- [What is expected]: For this exercise, copy the data exactly and omit any images.

- [Data block]:
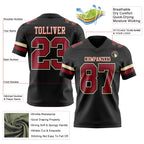 Custom Black Cardinal-Cream Authentic Football Jersey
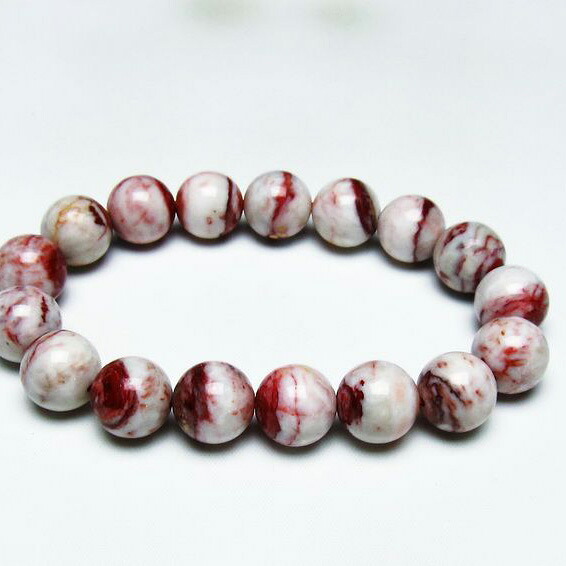 シナバーインクォーツ ブレスレット 13mm シナバークォーツ ブレス 辰砂 シンシャ bracelet 一点物 送料無料 111-44356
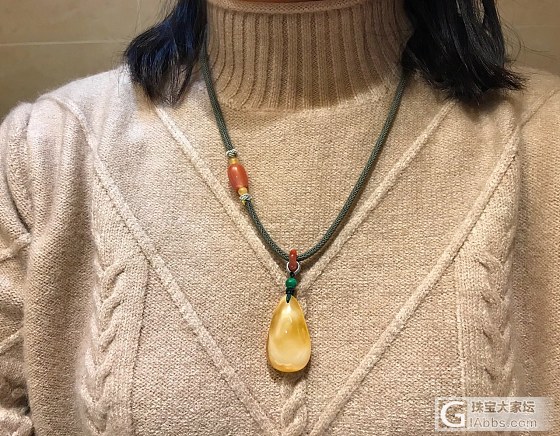 蜜蜡金绞水滴毛衣链_挂件琥珀蜜蜡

- [Task solution]:
 Custom Black Cardinal-Cream Authentic Football Jersey
 シナバーインクォーツ ブレスレット 13mm シナバークォーツ ブレス 辰砂 シンシャ bracelet 一点物 送料無料 111-44356
 蜜蜡金绞水滴毛衣链_挂件琥珀蜜蜡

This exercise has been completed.